It is anticipated that some of the auxiliary equipment to be used in conjunction with the new water tunnel under construction at The Pennsylvania State College will be particularly noisy in the ultrasonic frequency region where certain low level acoustic measurements are to be made. This potentially noisy equipment includes such items as a deaerator, an energy dissipator and a pressure control system which are located in a water loop, external to the main tunnel section. To effectively isolate this loop acoustically from the remainder of the tunnel where the acoustic measurements will be made, it has been considered desirable to design an acoustic filter which can be inserted at the junctions of the loop with the tunnel. This filter should serve the multiple function of reducing the sound transmission through the pipe walls and through the water in the pipes while permitting the passage of relatively large volumes of water at small loss of pressure.

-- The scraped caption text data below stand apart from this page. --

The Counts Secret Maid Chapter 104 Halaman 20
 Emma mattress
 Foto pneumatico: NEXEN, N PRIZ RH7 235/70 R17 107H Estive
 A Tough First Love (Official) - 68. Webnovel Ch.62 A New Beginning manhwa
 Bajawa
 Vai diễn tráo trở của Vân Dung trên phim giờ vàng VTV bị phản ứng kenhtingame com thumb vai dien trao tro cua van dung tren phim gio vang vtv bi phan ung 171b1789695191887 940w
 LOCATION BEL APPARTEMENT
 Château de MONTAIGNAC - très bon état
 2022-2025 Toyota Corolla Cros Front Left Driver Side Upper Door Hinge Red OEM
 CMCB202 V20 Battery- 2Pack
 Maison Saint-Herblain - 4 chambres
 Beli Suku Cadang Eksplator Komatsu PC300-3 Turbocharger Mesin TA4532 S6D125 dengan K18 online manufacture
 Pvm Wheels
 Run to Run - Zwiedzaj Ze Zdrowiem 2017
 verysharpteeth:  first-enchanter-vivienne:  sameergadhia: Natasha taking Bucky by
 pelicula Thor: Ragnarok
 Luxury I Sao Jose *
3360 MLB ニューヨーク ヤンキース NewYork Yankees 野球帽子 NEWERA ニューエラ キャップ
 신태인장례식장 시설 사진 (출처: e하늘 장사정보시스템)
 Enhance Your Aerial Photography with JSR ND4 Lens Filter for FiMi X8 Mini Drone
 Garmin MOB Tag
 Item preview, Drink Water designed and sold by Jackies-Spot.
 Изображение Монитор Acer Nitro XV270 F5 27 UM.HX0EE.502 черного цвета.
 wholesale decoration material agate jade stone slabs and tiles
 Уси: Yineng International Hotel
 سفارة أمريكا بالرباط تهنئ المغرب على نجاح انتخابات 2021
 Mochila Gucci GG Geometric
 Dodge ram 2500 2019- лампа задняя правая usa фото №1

The problem of isolation in the pipe path is a fairly common one and essentially requires the use of sound attenuating gasket material. However, the isolation of the water path is more complex in that water must be allowed to flow while sound is attenuated. In this case a honeycombed structure of a pressure release material is used.
This paper discusses the hydraulic consideration of the problem and presents the results of acoustic transmission measurements on the filter components. The measurements include: 1. The frequency characteristics of the acoustic filter under free field conditions, 2. The transmission properties of the isolating gaskets mounted in the pipe flanges, and 3. The effective response of the filter and isolation gaskets combined.